• _Work instruction_:
Retype, without pictures, the line holding "Appartement à LYON-6E" and each line below it through the final line.

(Beginning of Exercise inputs)

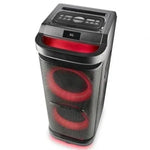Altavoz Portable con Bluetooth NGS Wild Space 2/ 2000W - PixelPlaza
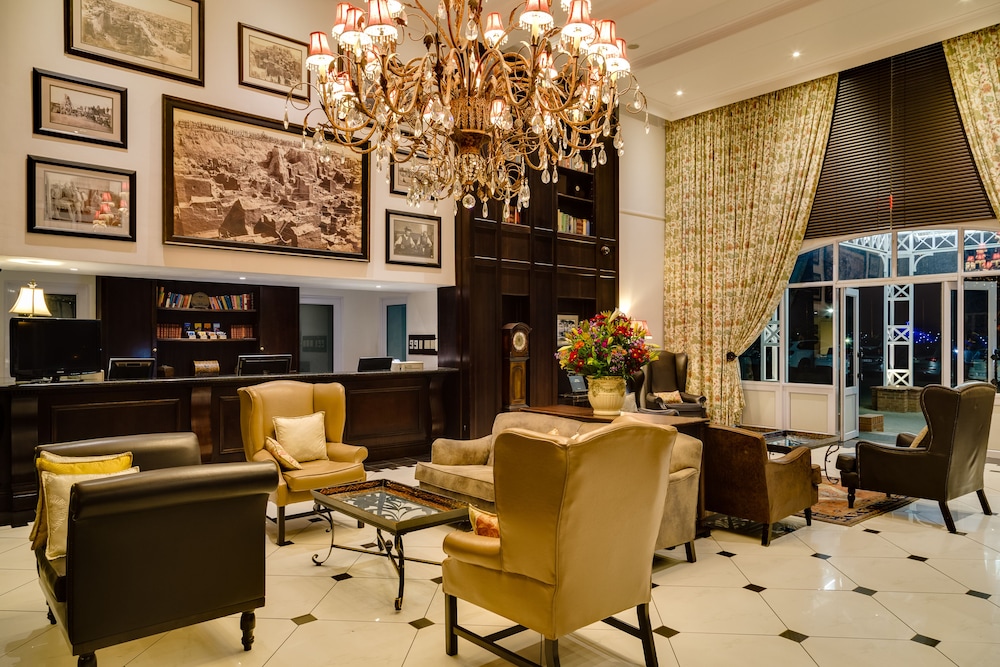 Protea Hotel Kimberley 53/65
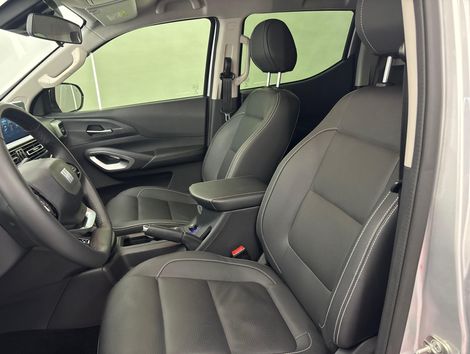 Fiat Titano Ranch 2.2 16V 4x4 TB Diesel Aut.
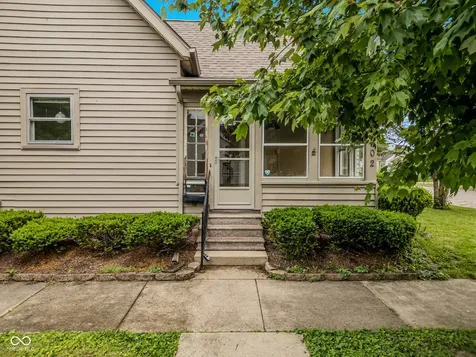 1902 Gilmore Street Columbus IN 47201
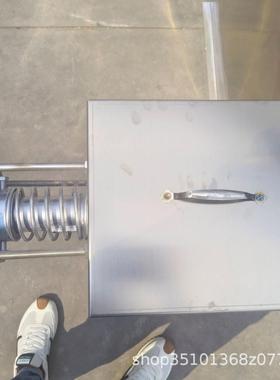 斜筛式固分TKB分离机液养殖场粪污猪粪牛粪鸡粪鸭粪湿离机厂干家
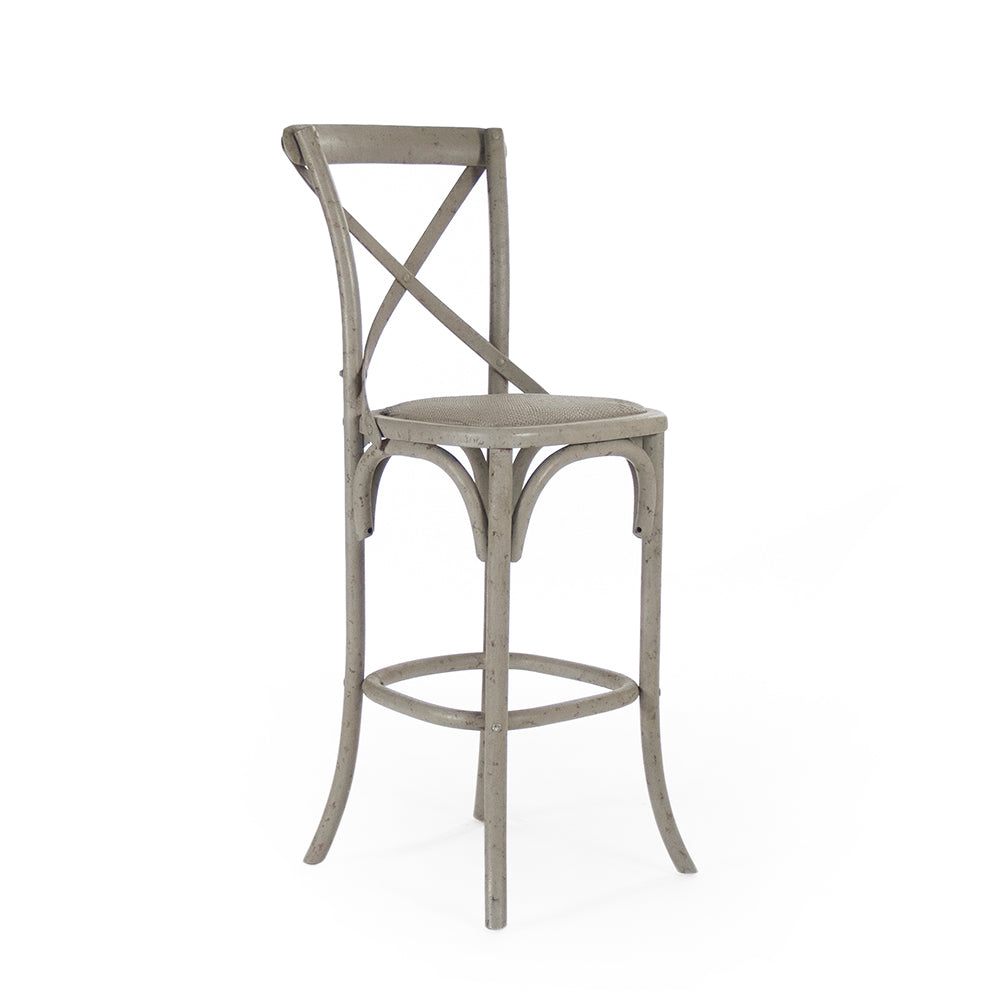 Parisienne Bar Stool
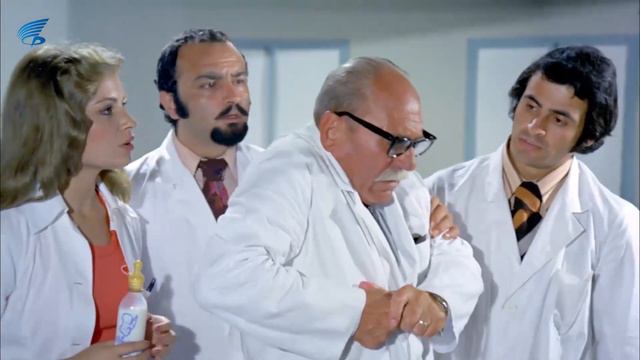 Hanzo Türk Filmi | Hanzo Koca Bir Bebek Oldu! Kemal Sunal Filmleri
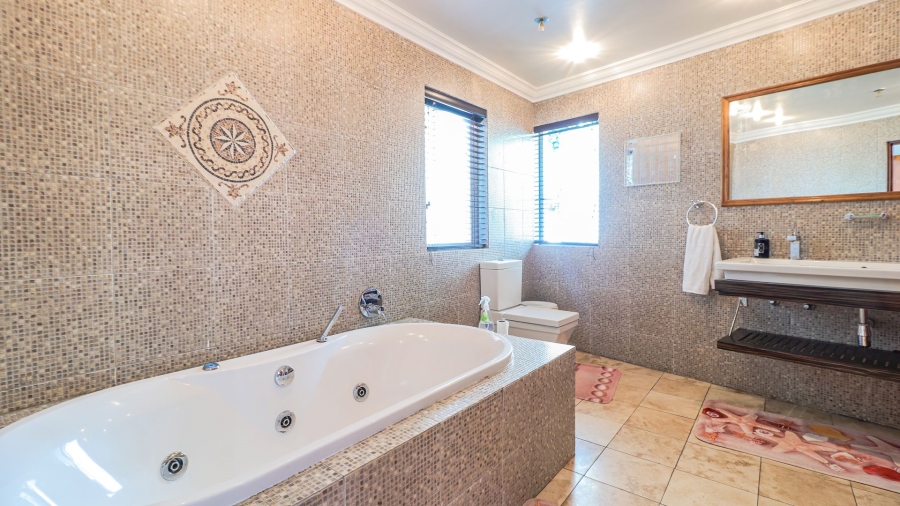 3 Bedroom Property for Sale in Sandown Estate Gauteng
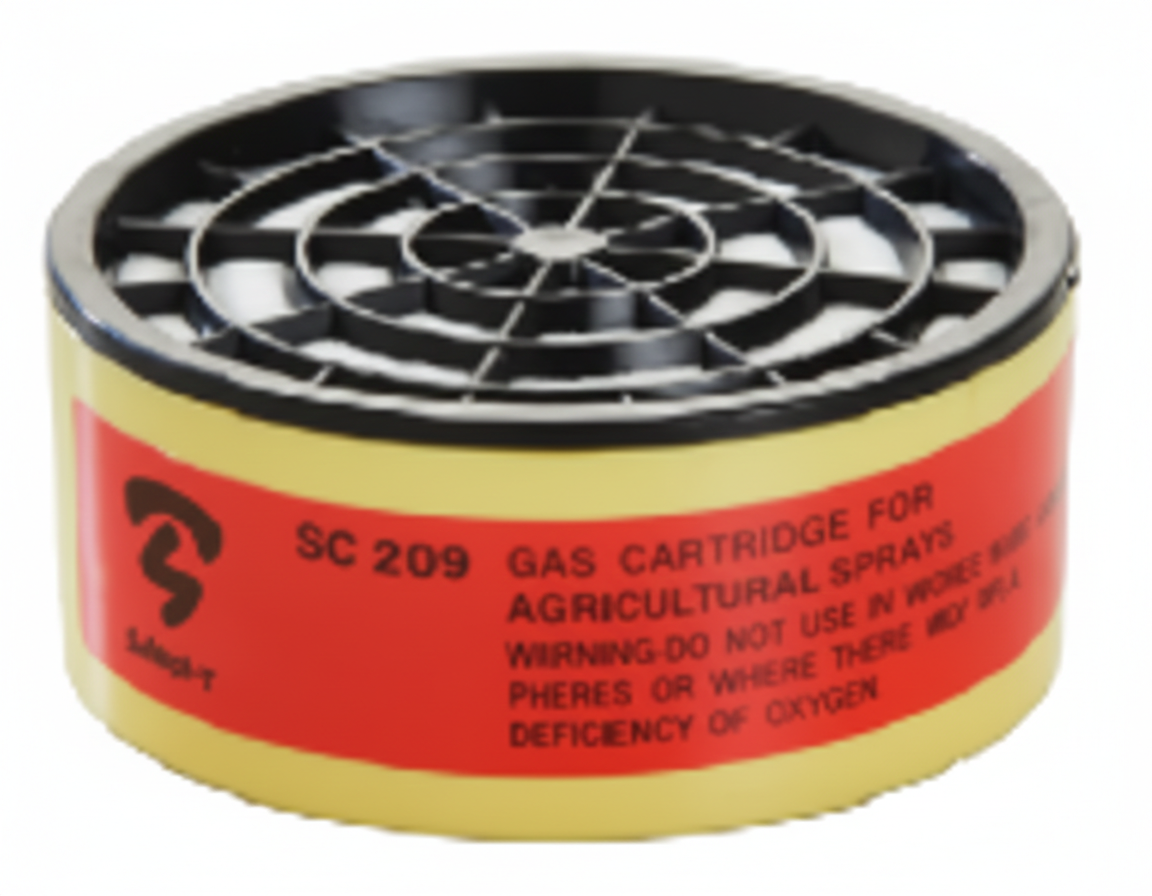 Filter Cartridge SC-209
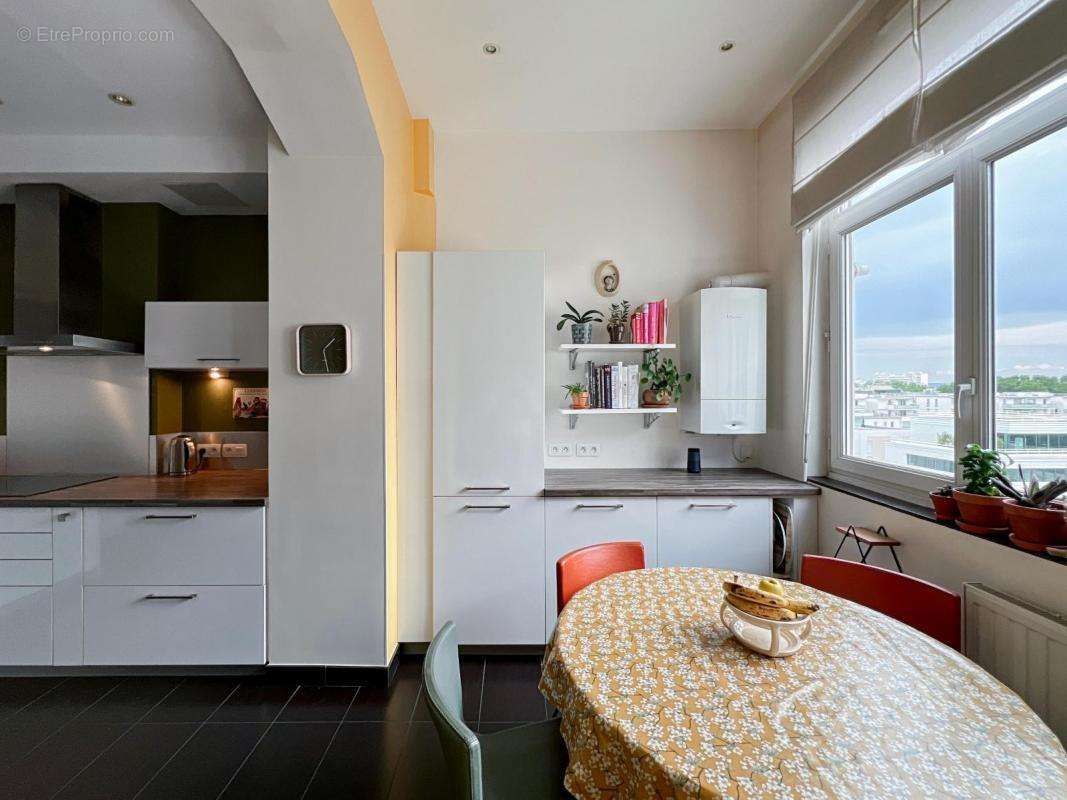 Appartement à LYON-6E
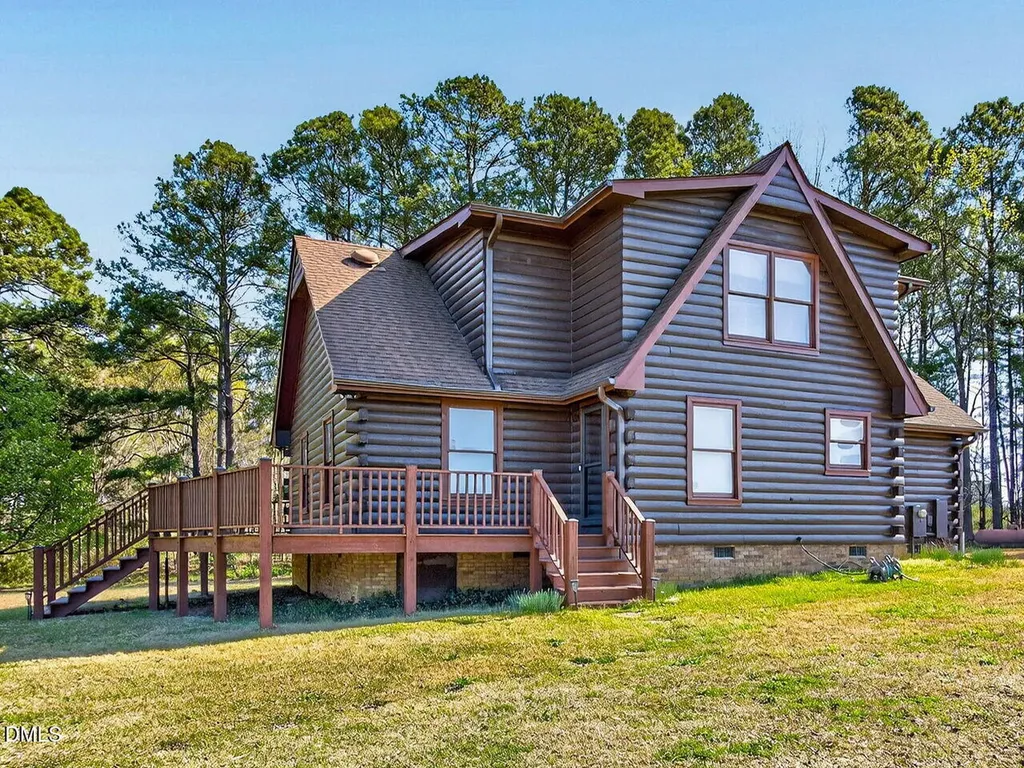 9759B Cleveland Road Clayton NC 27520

(End of Exercise inputs)

• _Your response_:
 Appartement à LYON-6E
 9759B Cleveland Road Clayton NC 27520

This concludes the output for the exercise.